Here is a cool case using both CEREC Guide as well as CEREC 4.2 to place an implant and restore it as well as its neighbors. #14 decay into the furcation and #15 decay into the pulp. Planned for an extraction of #14 and endo #15. Patient had an existing CEREC crown #13 plus was leaving the next day for Italy, so we made him a 3 unit temporary bridge and planned to restore with 3 individual crowns from 13. Flattened the occlsusal of #14 and placed a hole with a carbide 557 into the furcation and fabricated the Radiographic Guide for CEREC Guide.
Easy proposal, scanned in both the Omincam and in Galileos
Endo completed #15, #14 using my tried and true technique of starting with the pilot through the furcation with CEREC Guide and then sectioning and extracting the remaining roots. Graft n this case with MFDBA and a collagen membrane. Placement of a 7 by 8mm Legacy 2 Implant.
Using a Scan Post for a TSV 5.7 mm Zimmer Ti-base (compatible with the Implant Direct Implant, we then scanned a full arch upper and lower and lined up the models. We then used two 14 Emax blocks and a 16 for the Screw Retained Crown. Remember do not select multi layer if you want just a screw retained crown.
Made the mistake of taking the bite with the scan post, no worried just use the Buccal Bite tools to remove it. Now after I take the Gingival Mask, I then do my Buccal Bite without the scan post.
Very simple design, not a lot of work with the tools, remember, no splitting the file if you want screw retained, it does not even give you the option.

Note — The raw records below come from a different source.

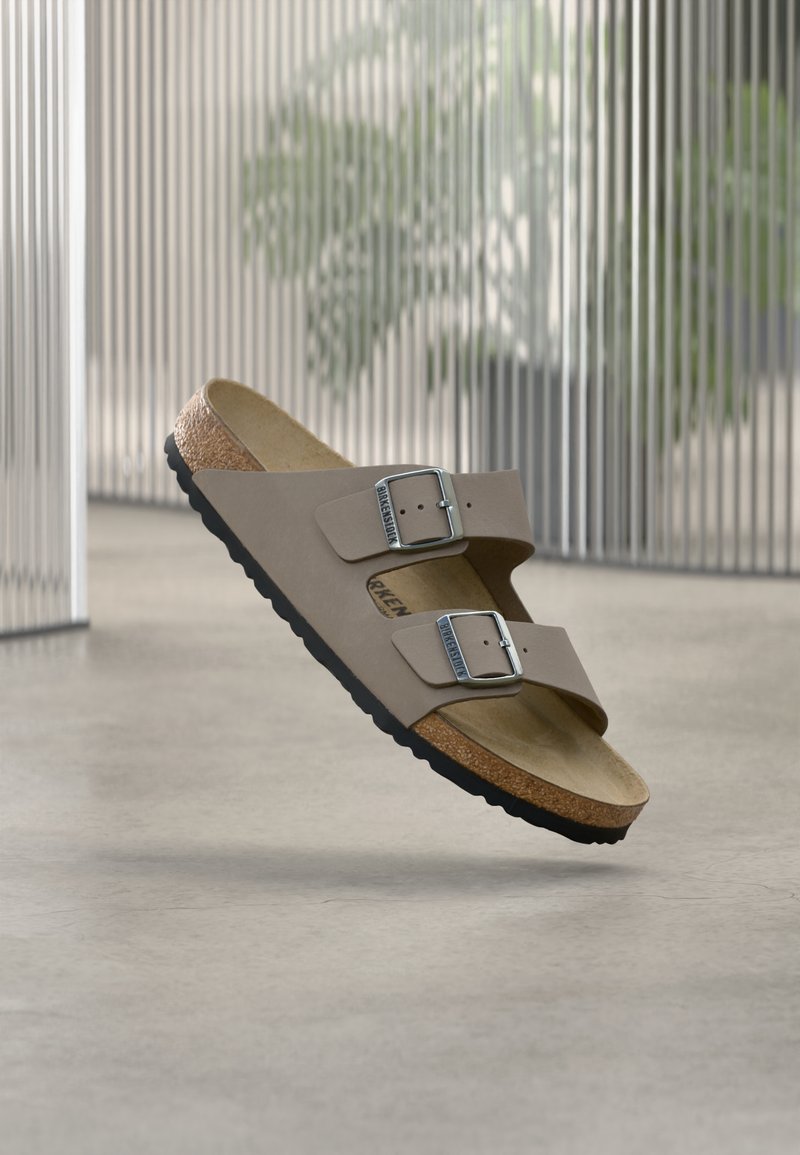 Σανδάλι Birkenstock σε χρώμα ταουπέ με δύο ρυθμιζόμενες μεταλλικές αγκράφες, ανατομική φάσα φελλού και μαύρη σόλα, αιωρούμενο πάνω από λεία επιφάνεια με θολό φόντο.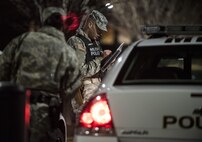 Sgt. Jacob Conrad (right), active duty military police Soldier with the 289th MP Company, belonging to the 3rd U.S. Infantry Regiment (The Old Guard), conducts his early-morning vehicle inspection before going on patrol along with U.S. Army Reserve Soldiers from the 200th MP Command in the Military District of Washington, D.C., Feb. 17. Their joint partnership is part of a pilot program that began in early February, placing Army Reserve Soldiers on active duty orders for three weeks while working at Joint Base Myer-Henderson Hall, Fort Lesley J. McNair and the Arlington National Cemetery. Army Reserve Soldiers will also support the Military District of Washington with additional duty days throughout the year. (U.S. Army photo by Master Sgt. Michel Sauret)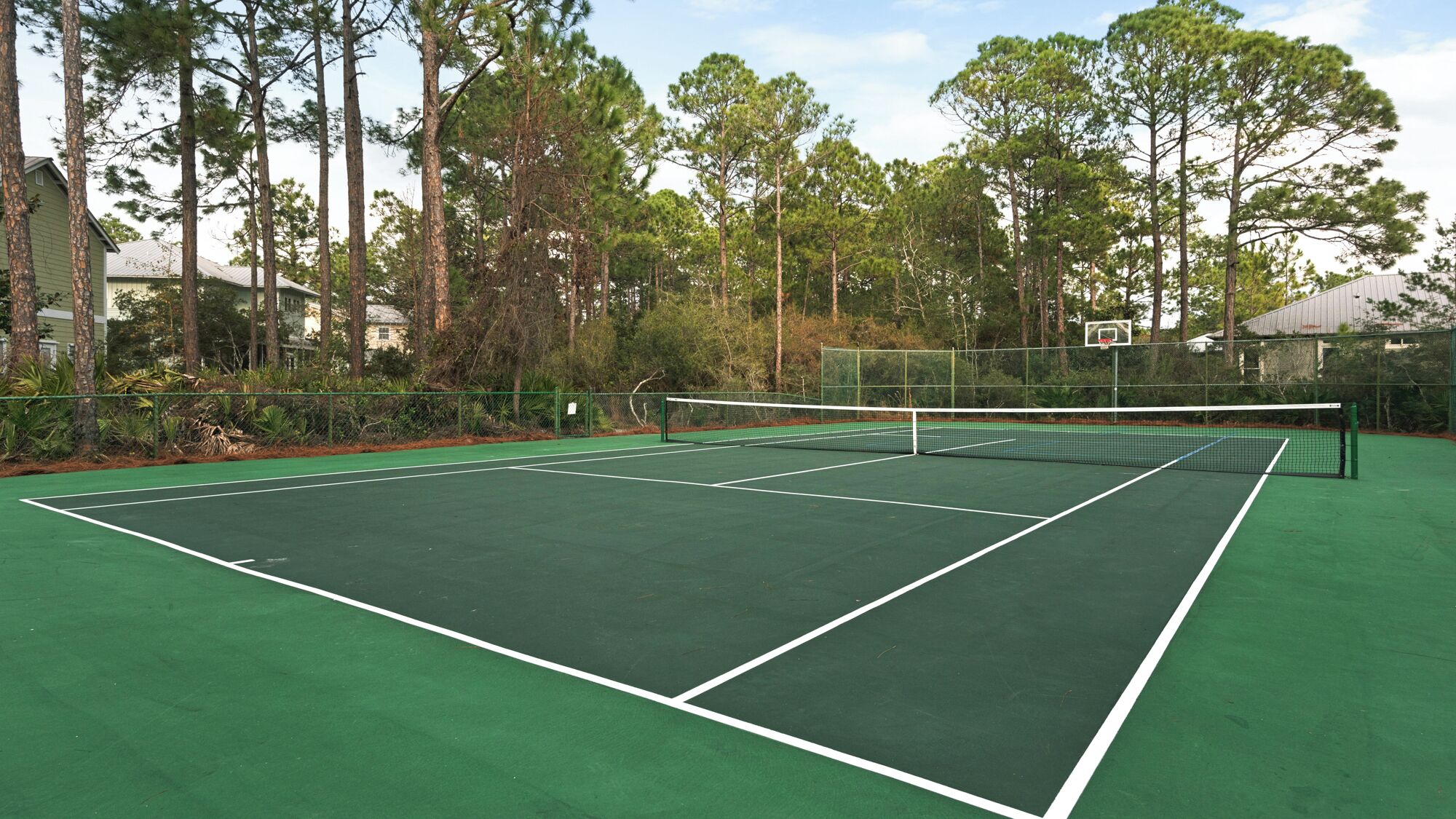 Una cancha de tenis con una red, rodeada de árboles y una valla.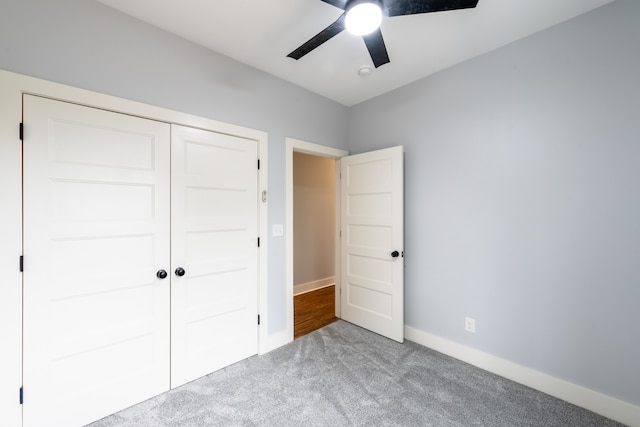 unfurnished bedroom featuring carpet flooring, ceiling fan, and a closet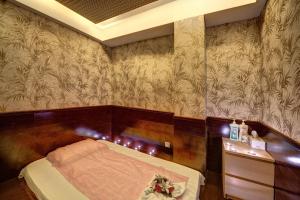 a bedroom with a bed and a wooden wall at Orchid Hotel Al Barsha "Formerly Golden Tulip Hotel Al Barsha" in Dubai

Milled out. Big Ass sprues. One drawback with the abutment blocks is that you cannot select sprue position and the sprue is usually in the inter proximal.
Tried in and adjusted pre-sintering. One great thing about emax is that it fits the Ti-base right out of the mill. With Zirconia you have to sinter first before you try it on the Ti-base as Zirconia shrinks big time, around 25%. Don’t shove the object fix too hard around the firing pin. Just lightly set the pin in the hole.
Sintered first then stain and glaze if you are bringing the patient back, which we did here as the patient could not wait around.
Tried in, look at how small the screw hole is!!! This really is going to change how I restore implants. I always liked the idea of screw retained but hated the esthetics. This looks really easy to fill in with composite, no cement sepsis, and the benefit of a retrievable restoration!!
Final! Cemented with multi-link. Flow it ALC opaque and Filtek Opaque with a little Ochre stain. Not perfect but much better than many screw retained crowns I have done!!!